Holliday hosts golf tourney for Pujols' foundation
ST. LOUIS -- Matt Holliday doesn't want anything to do with playing golf at this point in his life.
"I just don't have time for it," the Cardinals' left fielder said. "I have four kids and enough frustration trying to hit a baseball."
But Holliday has no problem being the face of the Pujols Family Foundation Golf Tournament. He and his wife, Leslee, hosted the event for the third consecutive year Monday at Meadowbrook Country Club.
It's a tradition they've been happy to carry on since Albert Pujols, the tournament's namesake, signed with the Angels before the 2012 season. The Pujols Family Foundation meets the needs of families with children who have Down Syndrome, and the foundation is also active in the Dominican Republic.
"It's a great organization, and Albert's a great friend, and [Albert's wife and foundation president] Deidre," Holliday said. "They're great people and do great things, so it's easy for us."
Even after Sunday night's 4-1 win over the Cubs that concluded after midnight CT, Mark Reynolds, Lance Lynn and Adam Wainwright made it to the event -- though Reynolds was the only one of the three who participated as a golfer. Manager Mike Matheny and former manager Tony La Russa were also present.

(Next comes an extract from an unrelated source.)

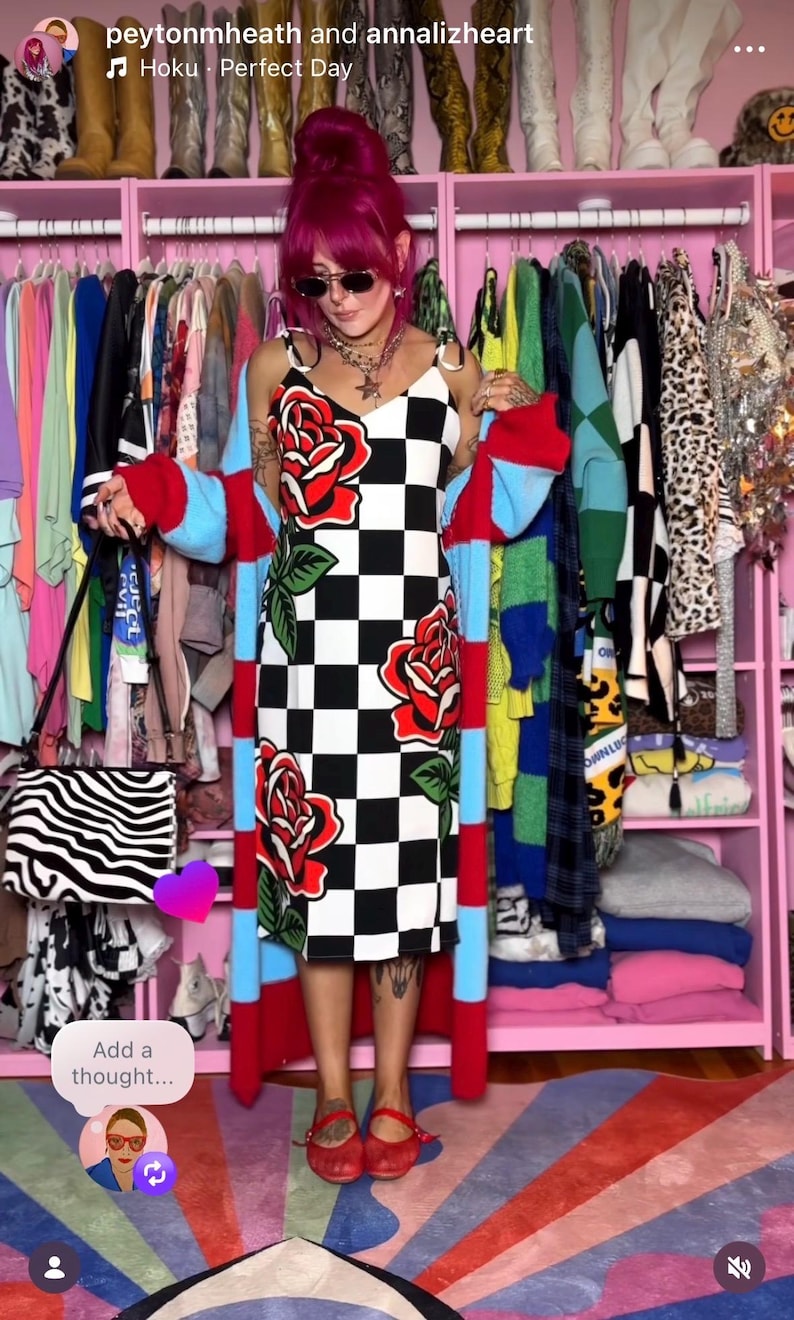 May include: A black and white checkered midi dress featuring large red rose graphics with green leaves, worn under a long, open-front cardigan with thick horizontal stripes in red and light blue. A black and white zebra-print handbag is held at the side.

"It's the easiest decision you make all year," said La Russa of his decision to attend.
"I remember when they [Albert and Deidre] were thinking about putting it together, and I said, 'Well, the idea is nice.' But really following through, they've been amazing," La Russa said.

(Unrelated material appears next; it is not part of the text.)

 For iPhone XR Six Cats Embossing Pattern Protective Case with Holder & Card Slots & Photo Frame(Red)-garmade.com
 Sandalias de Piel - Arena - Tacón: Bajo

Todd Perry, the foundation's executive director, was on hand Monday, and he took a moment to reflect on its humble beginnings out of his home in 2005 and how far it has come since then.
"The fact that Albert plays for another team, it's insignificant really to the mission of the foundation and the people we serve, the Down Syndrome community, the people who understand global poverty," Perry said. "The people who come out today understand that side of the mission. It's great that we do have baseball players, but it's not why we do what we do."